Sue McNally, Maroon Bells, Colorado (from the series This Land Is My Land), 2014, oil on canvas, 90” x 114”.


Fitchburg Pairs Historical with Contemporary

by Donna Dodson

“Land Ho!,” the impressive new show at the Fitchburg Art Museum (FAM), is a must-see. Mary M. Tinti’s sixth curatorial project is the result of nearly one year of extensive research on FAM’s permanent collection utilizing her keen eye for contemporary New England art. Koch Curatorial Fellow Emily M. Mazzola, whose knowledge of 19th and 20th century American Art brought to light the personal stories behind many of the treasures that FAM owned, assisted Tinti. The results are surprising and wide sweeping, pulling into focus the evolution of landscape painting, mark-making and myriad contemporary approaches to this genre.

The exhibition is installed in nearly all of the newly renovated galleries on the second floor and bridge of the museum. Nick Capasso joined FAM nearly three years ago, and with his appointment as director came some bold changes. Every single gallery has been renovated except for one, and going forward every rotating exhibit will be devoted to contemporary art.

ON A MISSION

“New England artists feel under- served by their local art institutions who have turned their sights to national and international artists,” Capasso said. Therefore, his mission is to feature them at FAM. “Land Ho!” is the second in an ongoing series of exhibitions pairing contemporary artists in conversation with the artwork in their collection (the first featured the still life genre two years ago, and a forthcoming show will focus on portraiture).

If the Fitchburg Art Museum had mounted a show of landscape paintings, drawn solely from its permanent collection, there would be obvious gaps.

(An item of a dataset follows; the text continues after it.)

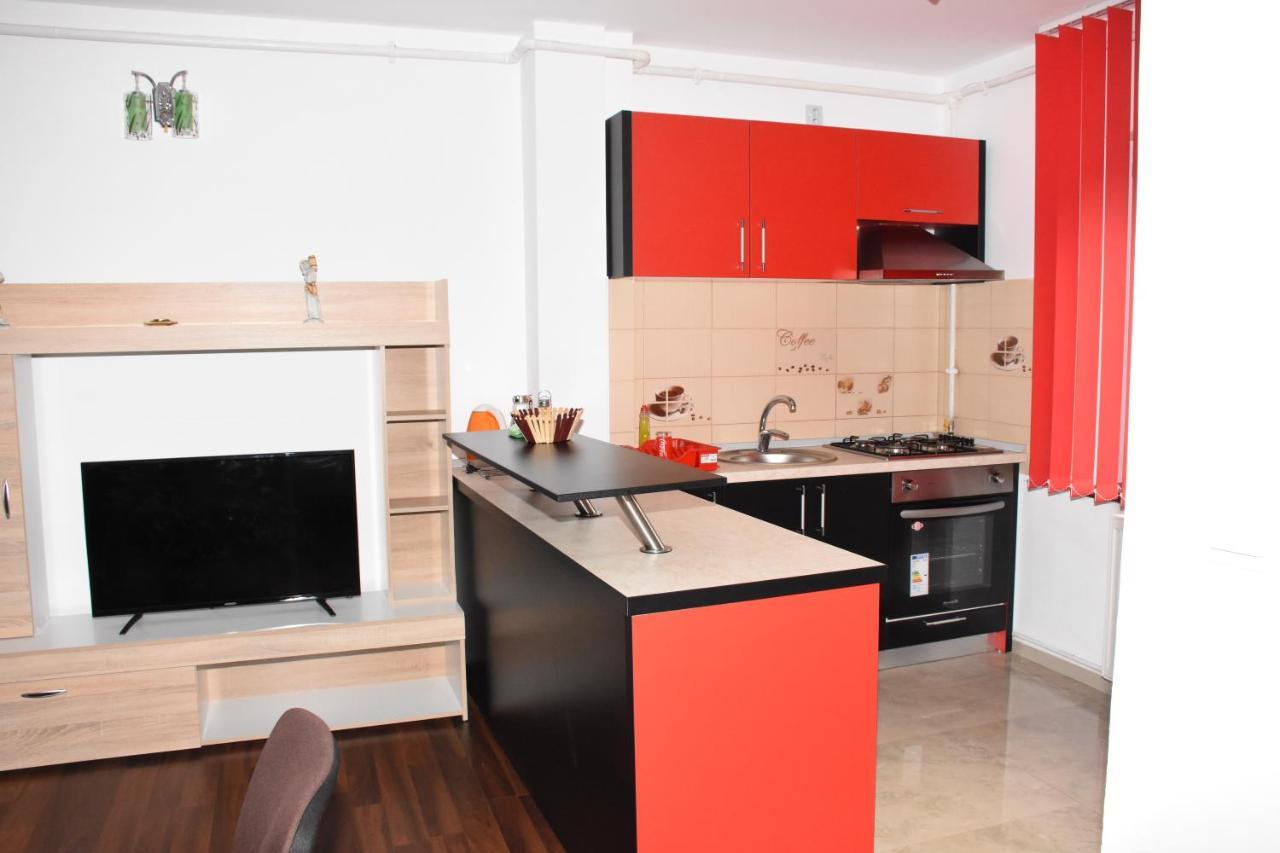 Hotel Apartament Eldya Comfort&Suites Predeál Kültér fotó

By hanging historical works in dialogue with works by contemporary artists, Tinti creates a conversation of art-historical importance. Images by Charles Burchfield, Edward Hopper, Charles Sheeler and Rockwell Kent are hung together, the show’s press release noted, “in a magnificently interspersed, intergenerational, multi- scaled mash-up of landscapes old and new, iconic and fantastic, universal and personal.”